Clemson University Cooperative Extension Service researchers have taken the guesswork out of this equation by creating a calculator that determines the amount of liquid fertilizer needed to fertilize through drip irrigation systems in a process called “drip fertigation.”
The Clemson Drip Fertigation Calculator is designed to help South Carolina vegetable farmers achieve the greatest returns on their investments while protecting the environment. This free web-based calculator (app), developed by Justin Ballew, Kendall Kirk, Rob Last and Zack Snipes, helps farmers make more precise fertilizer applications. The researchers say using it will help save money and increase crop productivity.
“By adding liquid fertilizer to irrigation systems, plants are given a little bit of fertilizer each time farmers water their crops,” said Snipes, assistant program leader for the Clemson Cooperative Extension Service horticulture team and an area horticulture agent. “This reduces runoff and leaching as compared to granular applications.”
To use the tool, growers select the fertilizer formulation to be used, pounds of nitrogen needed per acre per day and the amount of acreage to be fertigated. The calculator determines how many gallons of fertilizer are required to supply the needed nutrients through the drip system. The app has a drop-down menu for users to input the age of a crop to help determine crop nutrient demands at that stage of development. Those recommendations are cross-referenced from the Southeastern U.S. Vegetable Crop Handbook and the N.C. Strawberry Association’s Strawberry Plasticulture Guide.
“This app makes use of published data for nutrient requirements throughout a crop’s life,” said Last, a Clemson Extension horticulture agent. In addition, Last said there are several factors for determining the amount of fertilizer to be applied.
“Development stage of crops always has an impact,” he said. “For example, the amount of fertilizer to be applied to younger vegetative crop will generally be lower than a more mature crop. Nutritional status of a crop can also play a role. For example, in strawberries, if the petiole nitrogen content is low then additional nitrogen should be applied. This reduces the risk of nutrients becoming limited and limiting yield potential. The same calculations generated by the app can be done manually and give the same results.”
Gilbert Miller, Clemson Extension vegetable specialist, said fertigation is an “excellent method” for meeting the daily nutrient needs of fruit and vegetable crops, adding if the drip irrigation cycle time is not too long, nutrients provided via fertigation will remain in the crop root zone and be readily available.
“Growers should make sure they use a high-quality liquid fertilizer that will not clog up the drip irrigation emitters,” Miller said. “Also, it is generally not recommended to apply phosphorous through a drip irrigation system because of the possible precipitation of phosphates and consequential clogging of drip emitters. Phosphorous does not move freely through the soil so it can be easily applied pre-plant with a granular fertilizer.”
A grower’s perspective
Jim Basara, coordinator of a 6-acre community farm on Spring Island, said the Drip Fertigation Calculator helps make his job easier.
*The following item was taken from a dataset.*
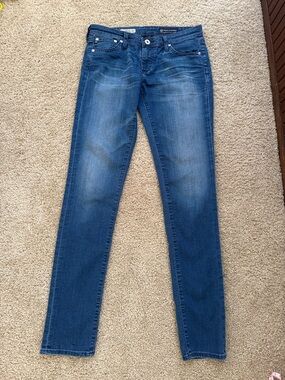 Adriano Goldschmied Women's Super Skinny Jeans Leggings Mid Blue Stretch Denim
“We are a 6-acre community farm,” Basara said. “We grow a whole range of vegetables here. Think of it as a private CSA (Community Supported Agriculture) farm with sweet corn, broccoli, cauliflower, Brussels sprouts, onions, cabbage, lettuce, kale, bok choi, turnips, greens, carrots, spinach, fennel, kohlrabi, zucchini, squash, cucumber, tomatoes, sweet and hot peppers, okra, eggplant, radish and herbs. This year, we will plant well over 200 different cultivars of crops.”
The farm is divided into three watering zones. Each zone contains plants of the same crop family that have similar water and fertilizer requirements. Basara said using the calculator helps ensure crops receive the proper amount of nutrients. It also saves time and is a stress reliever because he doesn’t have worry if his calculations are correct.
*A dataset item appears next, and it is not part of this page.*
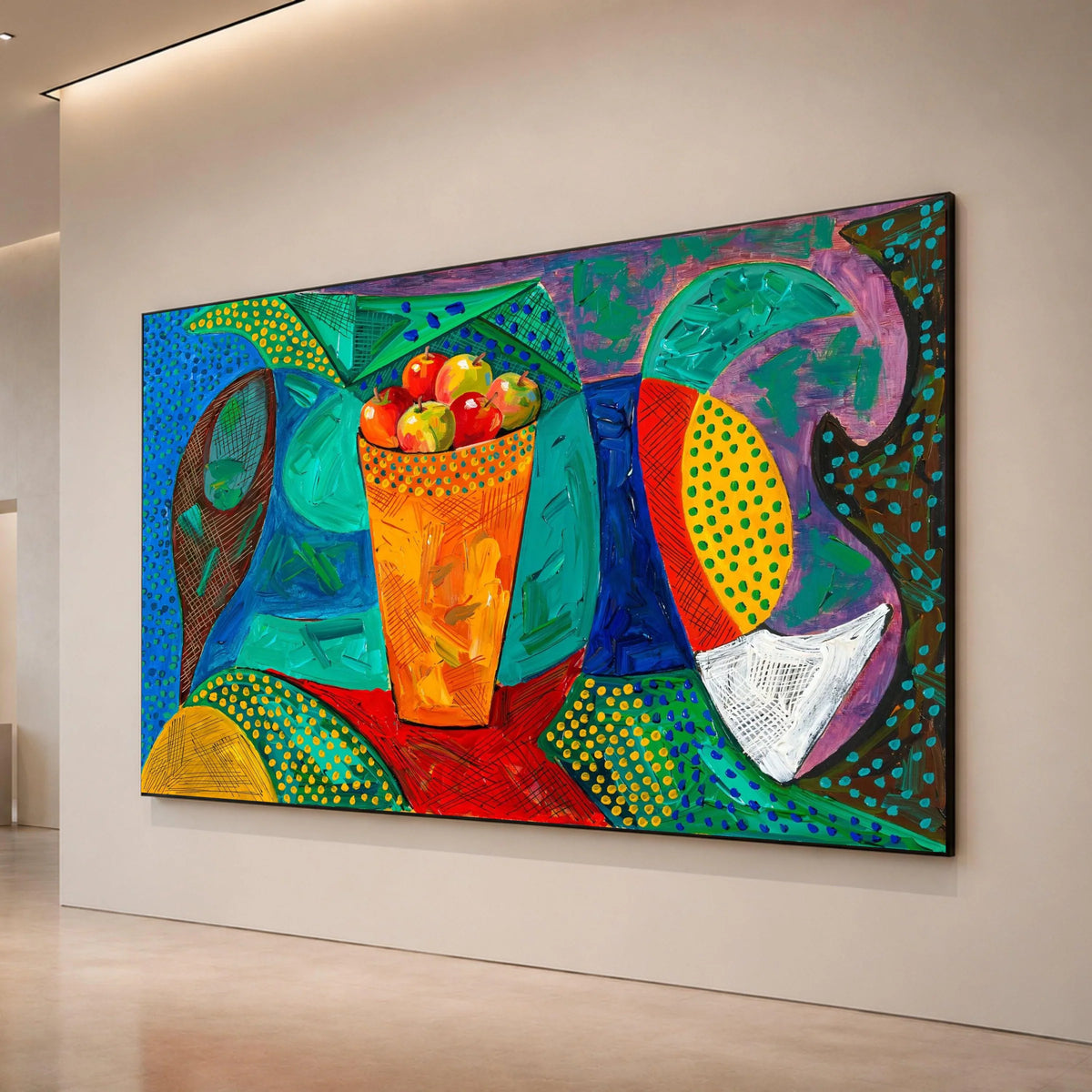 David Hockney Style Vibrant Still Life, Colorful Fruit Basket Canvas, Abstract Modern Wall Art, Contemporary Home Canvas Print Art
“Rather than calculating by hand or building a spreadsheet, everything I need is in an easy-to-use package,” he said. “I can very quickly and easily go through the requirements for each crop, or group of crops that I want to feed the same way. The calculator makes quick work of figuring out what we need to do.
“I do not worry about the calculations being incorrect. If I did them manually, I probably would do them three times to make sure I’m right and even then, I would worry that I screwed something up.” Basara said this new technology is a “huge step forward” for people who are new to fertigation or are considering using it.
“When we started with fertigation, calculating the fertilizer dosage was one of things I was hesitant about,” Basara said. “It was a big unknown. I think there are farmers out there like us who are hesitant due to a number of unknowns and this calculator knocks down a big barrier to adopting fertigation.
“With this calculator and other opportunities offered by the Clemson Extension Service, we have advanced the quality of our farm beyond anything we could have imagined two years ago. We are producing healthier crops for our members and we are much more confident in what we are doing, and as a result, we are having more fun doing it.”